+++ DATA SUPPLIED

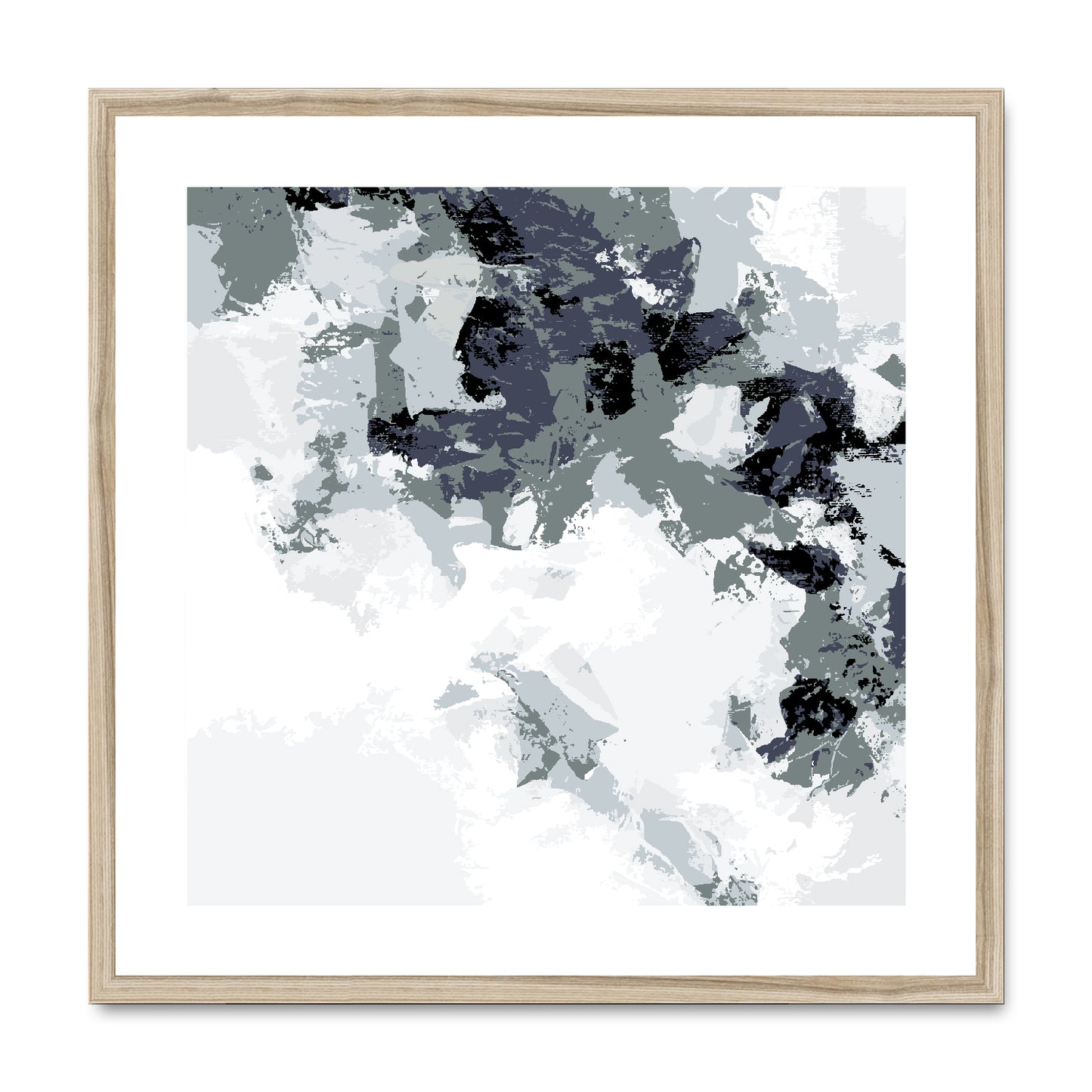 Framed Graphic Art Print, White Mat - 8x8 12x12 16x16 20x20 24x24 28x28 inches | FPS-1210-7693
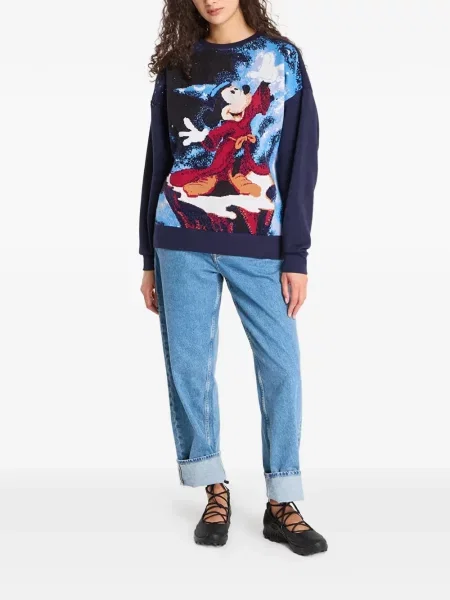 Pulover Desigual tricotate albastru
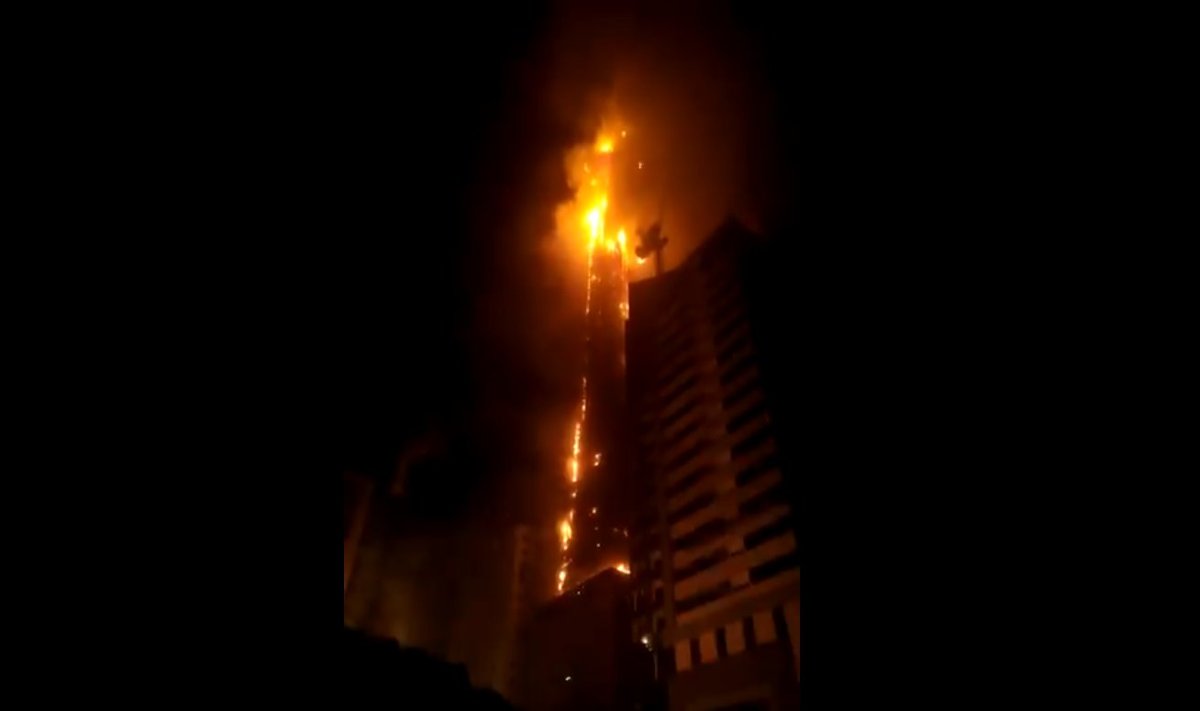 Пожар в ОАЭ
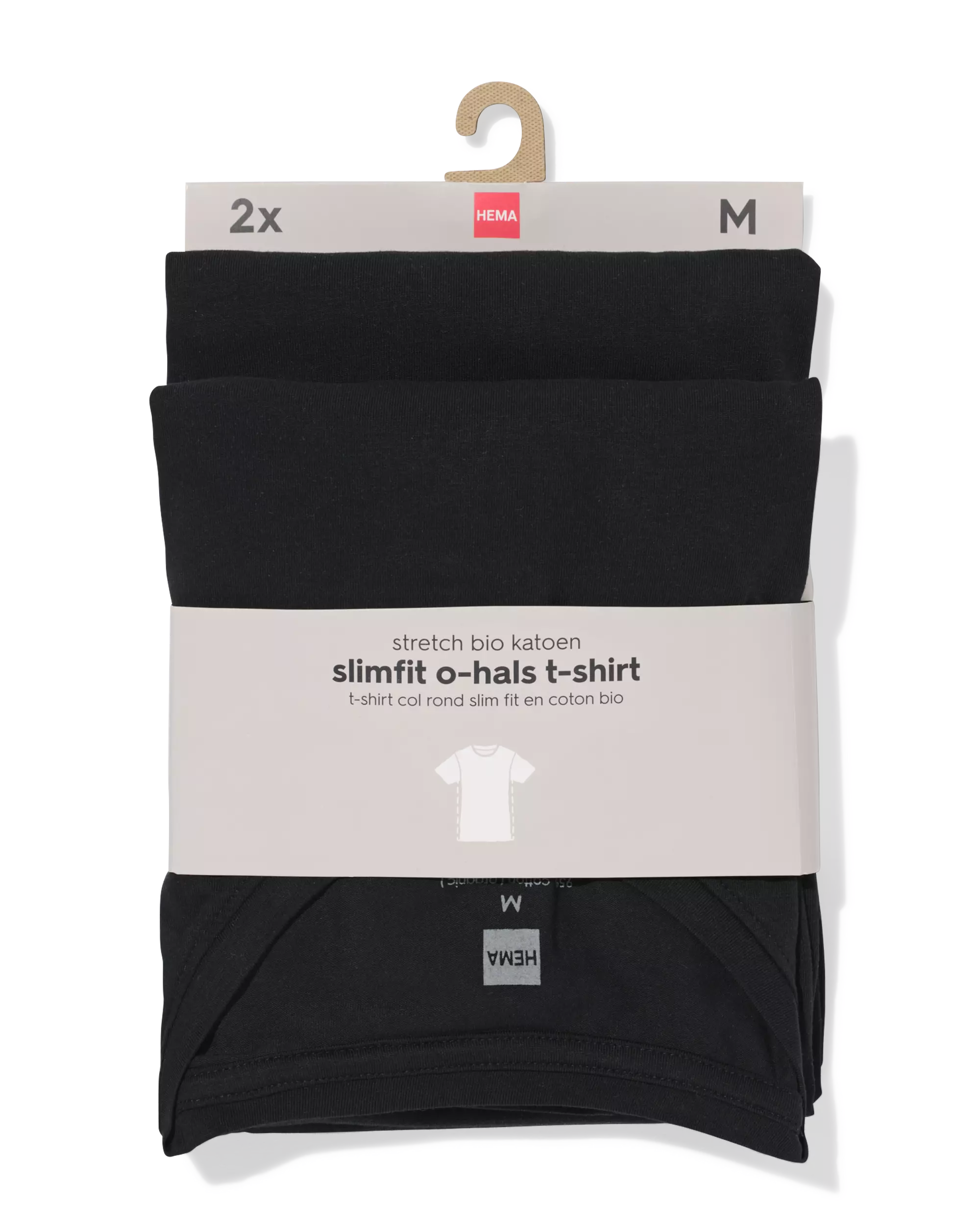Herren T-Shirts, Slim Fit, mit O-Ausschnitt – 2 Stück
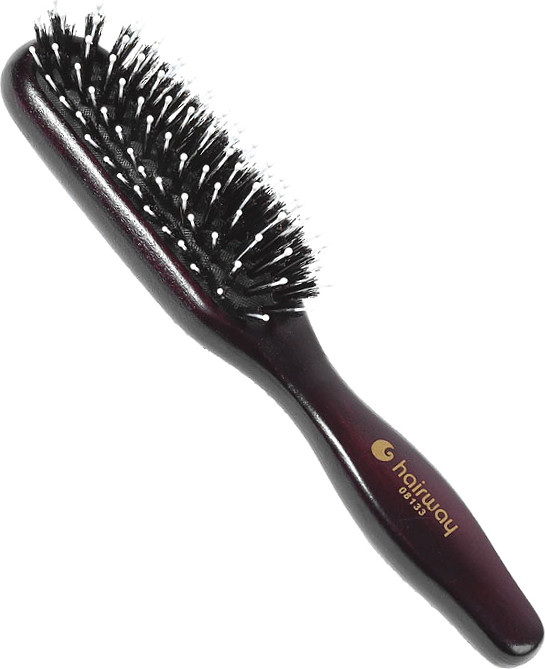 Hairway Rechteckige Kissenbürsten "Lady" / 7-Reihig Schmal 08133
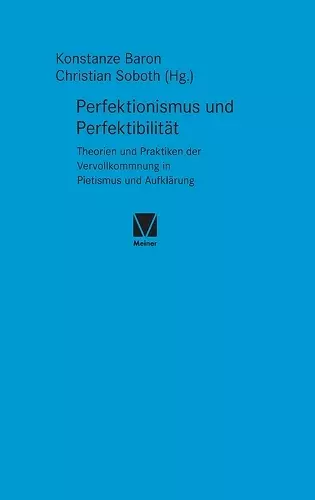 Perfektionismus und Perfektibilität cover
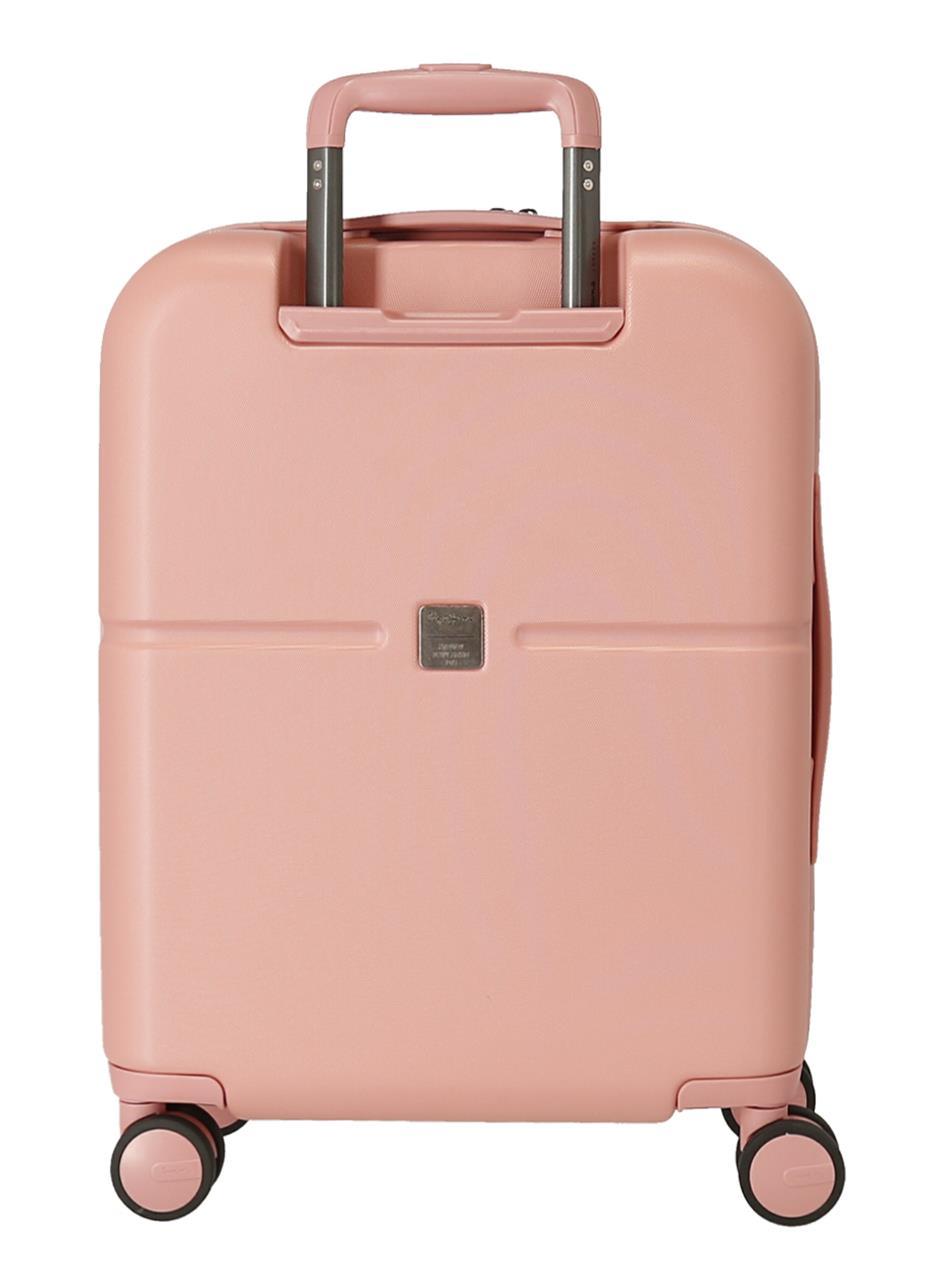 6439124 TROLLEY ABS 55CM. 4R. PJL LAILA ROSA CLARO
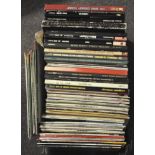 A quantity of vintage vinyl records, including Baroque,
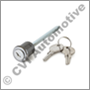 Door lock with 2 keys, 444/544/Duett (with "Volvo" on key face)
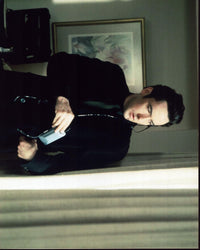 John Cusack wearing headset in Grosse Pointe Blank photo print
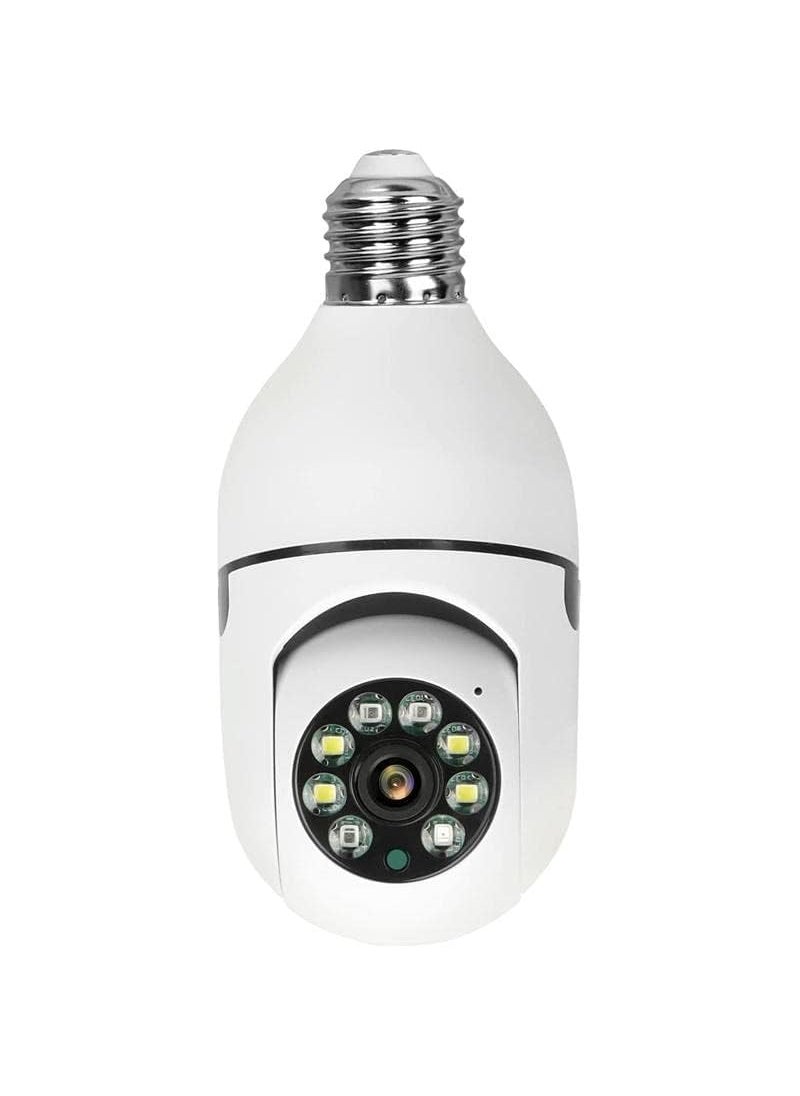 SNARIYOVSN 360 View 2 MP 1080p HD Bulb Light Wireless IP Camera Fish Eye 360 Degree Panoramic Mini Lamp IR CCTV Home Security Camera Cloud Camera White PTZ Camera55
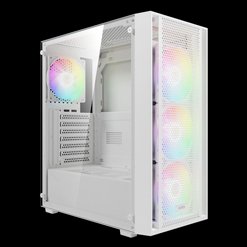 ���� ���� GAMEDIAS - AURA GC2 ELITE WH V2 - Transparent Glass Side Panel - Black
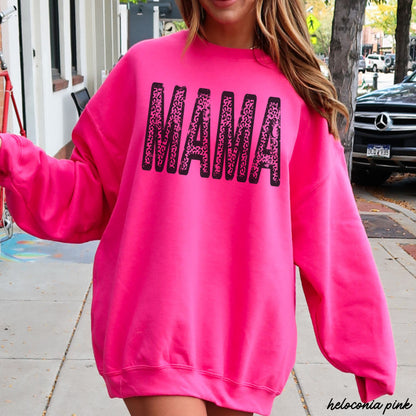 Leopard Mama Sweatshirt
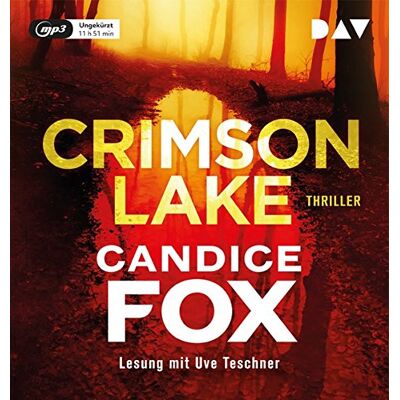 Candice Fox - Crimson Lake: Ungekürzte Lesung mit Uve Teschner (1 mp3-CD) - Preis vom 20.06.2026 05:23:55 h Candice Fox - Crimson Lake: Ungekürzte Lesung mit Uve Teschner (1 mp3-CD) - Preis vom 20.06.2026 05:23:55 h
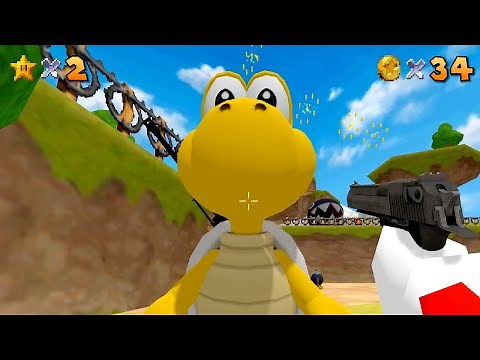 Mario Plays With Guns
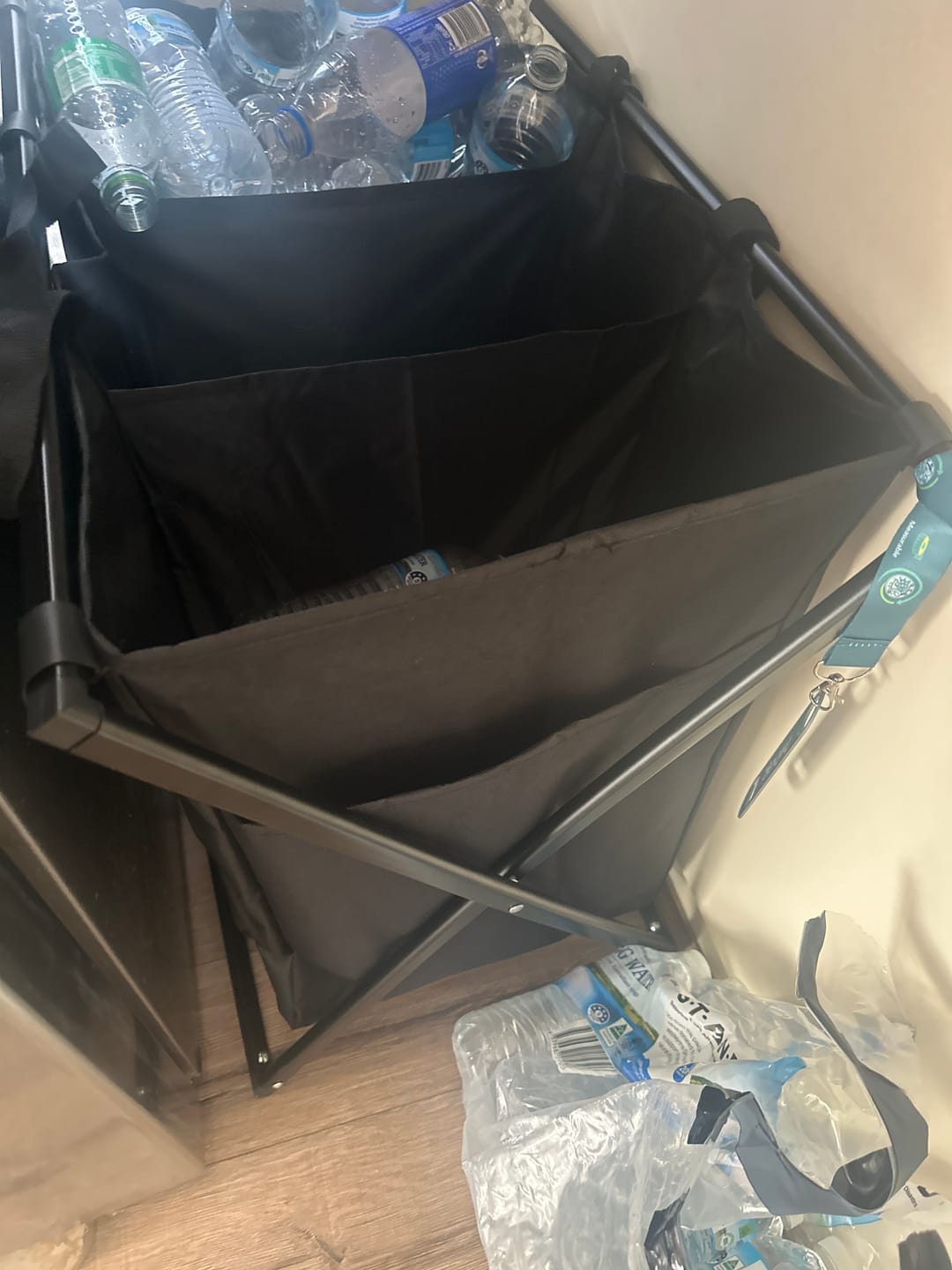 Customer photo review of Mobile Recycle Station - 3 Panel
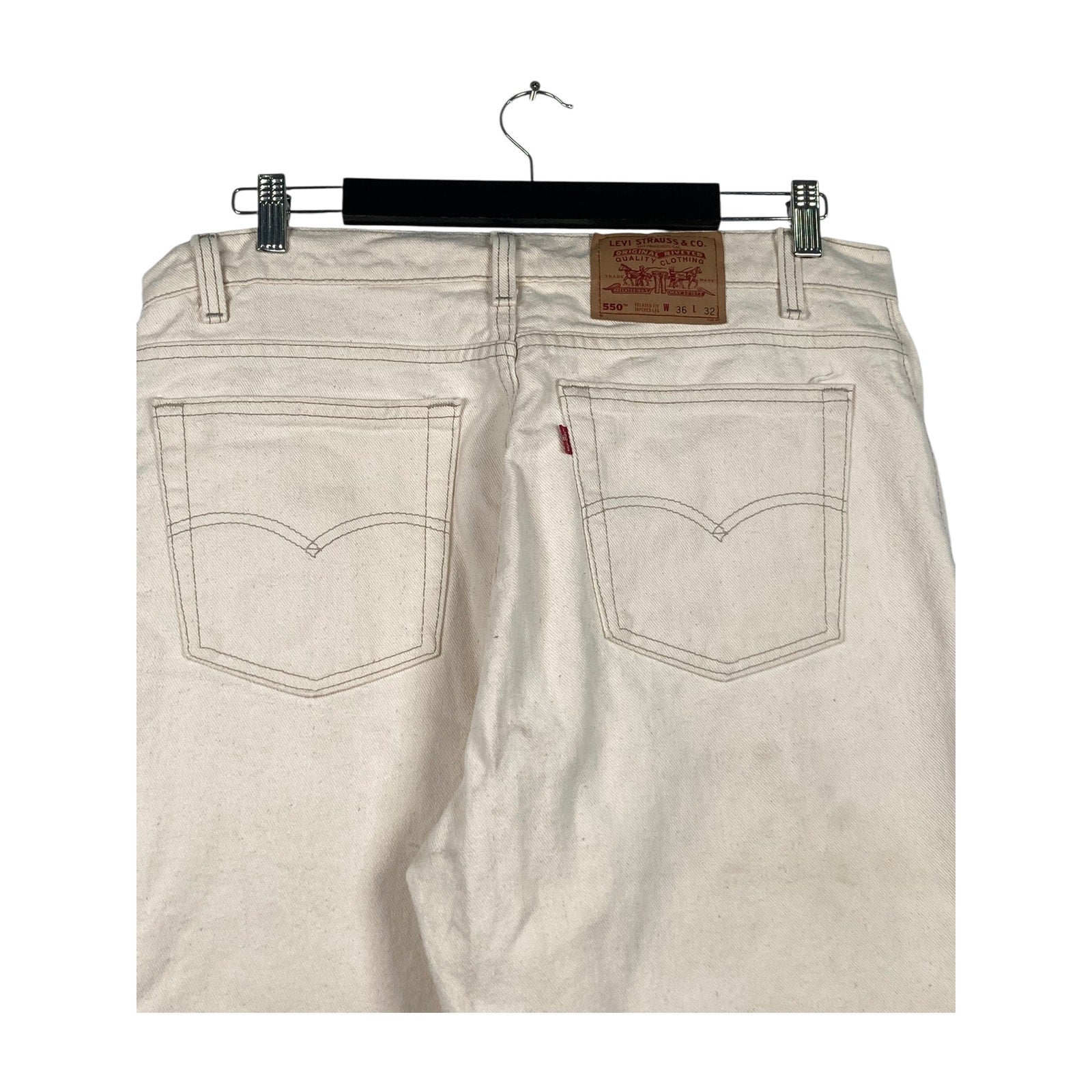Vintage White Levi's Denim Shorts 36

++++++

HOW TO COMPLETE THIS TASK — Leave out the pictures, and extract exactly the lines from the one with "Customer photo review" through the end of the records, both ends included.

SOLUTION FOR THIS TASK —
 Customer photo review of Mobile Recycle Station - 3 Panel
Vintage White Levi's Denim Shorts 36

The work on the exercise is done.